N: the total properties scanned.
E: the number of events that exist within the timeframe you provided.
P: the number of properties per event required to calculate the query.

The formula used to calculate the number of properties scanned per query is:

N = E * P

To calculate P for a given query, first find the set of unique properties referenced in the filters, group_by, or target_property parameters. If the query has a timeframe (which almost all should) then include keen.timestamp in this set. P is then equal to the cardinality, or number of elements, in the set. This means that if you’re filtering and grouping by the same property, that only increases P by 1.

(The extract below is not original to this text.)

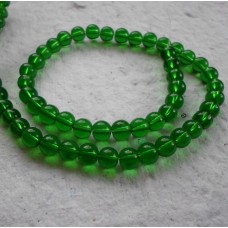 Glass beads ~ Round Emerald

Here are some examples of calculating P (all assuming that a timeframe is present):

Query Definition P
count collection C 1
count collection C, filter on property A 2
sum on property A, filter on property B 3
sum on property A, filter on property A, group_by property A 2

Working Example

To illustrate this formula let’s consider an example query: a sum of property x, with a filter on property y being equal (eq) to a specific value, a timeframe of this_90_days, and an interval of daily. Assume that the collection being queried gets a steady 10K events per day. For this query P will be 3 (the properties are x, y, and keen.timestamp) and E will be 900K so N = 900K * 3 = 2.7M. For the sake of example, if the cost is $1 per 10M properties scanned this query would cost $0.27. If this query is powering a KPI in a dashboard that is viewed 20 times per day, or 600 times per month, the monthly cost of that KPI would be 600 * 2.7M = 1.62B properties scanned or $162. Read on to see how caching can help bring that price down.

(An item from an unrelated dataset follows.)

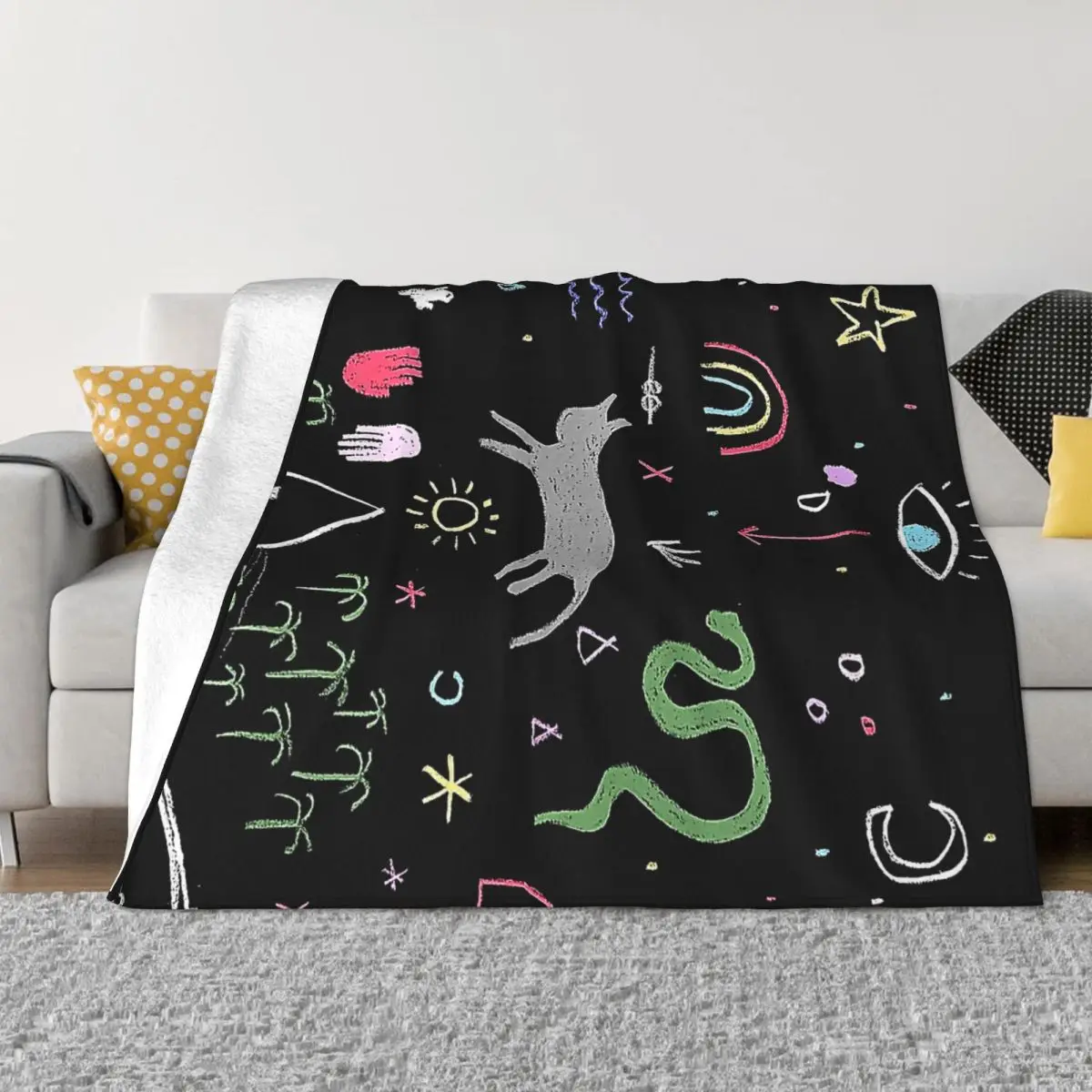 Chalk Board Dream Scape Ultra-Soft Micro Fleece Blanket Black Flannel Blanket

Why is Keen Compute usage priced based on properties scanned?

You can think of Keen as a columnar database indexed on keen.timestamp.

“Columnar database” means that when we are reading data to evaluate a query, we can read just the subset of properties (or columns) that are relevant to the query and skip the others. All other factors being equal, a query that reads 10 properties requires 5 times as much work as one that reads 2 properties.

“Indexed on keen.timestamp” means that we can efficiently look up the subset of events whose keen.timestamp falls within a given range, also known as a timeframe. All other factors being equal, a query whose timeframe includes 10 million events requires 10 times as much work as one whose timeframe includes 1 million events. Importantly, this is true even if filters on other properties dramatically reduce the number of events that are actually used to compute the result. A query with a timeframe that includes 10 million events and a filter that matches just 10 will still have to read all 10 million.

While these two factors are not the only contributors to how much it costs Keen to execute a query, they tend to dominate in most cases and provide a good approximation. We use these factors to compute your usage in order to align your costs with ours, which incentivizes efficient implementations and allows us to lower costs for everyone.

How are Extractions priced?

Giving you access to your raw data is very important for us at Keen. We provide the ability to extract chunks of your data in CSV or JSON format via our Extraction API.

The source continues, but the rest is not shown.